Bunnells in the Christopher Hoogeland of Windsor, New Jersey, Estate Records, 1763

Here's the latest from John Bunnell on his research in the New Jersey State Archives–

I was able to spend several more hours in the New Jersey State Archives last month.  Overall, I found a number of other documents related to the Samuel Sr./Samuel Jr./William Bonnell family.
Unfortunately, those document do not, at first review, shed any more light on untangling Samuel Sr. from Samuel Jr., which was my primary purpose. However, there are some important pieces of information. 

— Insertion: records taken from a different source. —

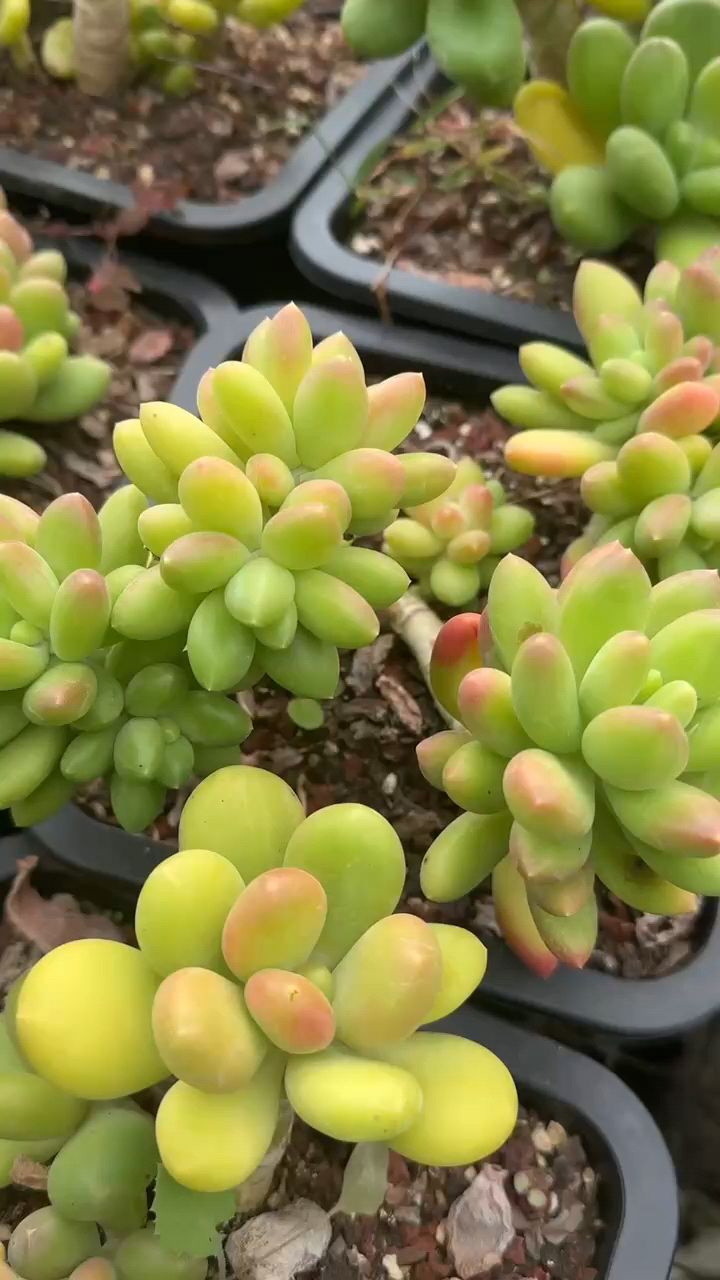 芒果美人 越来越好看啦~#一花一草一世界 #多肉植物 #我的花花草草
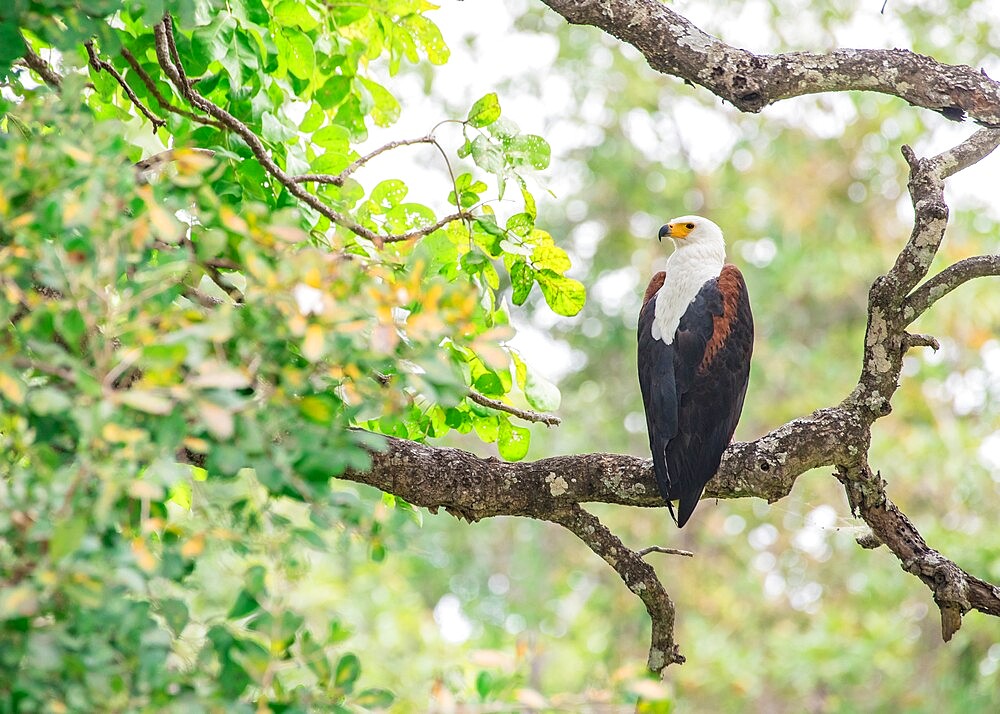 African fish eagle (Haliaeetus vocifer), framed by branches, South Luangwa National Park, Zambia, Africa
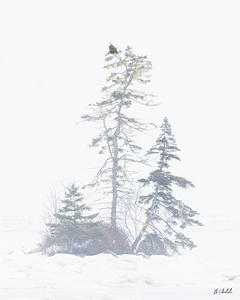 Bald Eagle in a Snowstorm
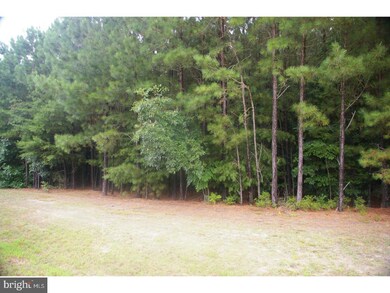 24610 Hollytree Cir, Georgetown, DE 19947 - photo 2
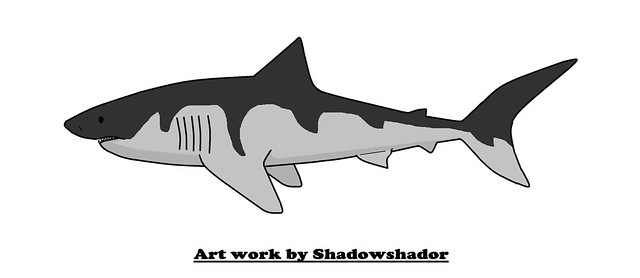 Hubbell's white shark (Carcharodon hubbelli†)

Most significantly, I was able to find the young William Bunnell in records relating to the same location on which we've been focused, Windsor, Middlesex County, New Jersey.  The document is the accounts of the estate of Christopher Hoogeland from 20 September 1763.  This is a very large document, so I've just copied the relevant pages.  These include the title pages for the two main sections, followed by the page listing William Bunnell as a creditor to the estate (near the top of the page).  This is followed by the page on which Samuel Bunnell and Jacob Wright are listed as debtors to the estate (middle of the page).  If there were any lingering doubts as to whether these New Jersey Bunnell/Bonnells were the same as appeared in Virginia several years later, they must certainly be dispelled by finding all three on the same document together in Windsor.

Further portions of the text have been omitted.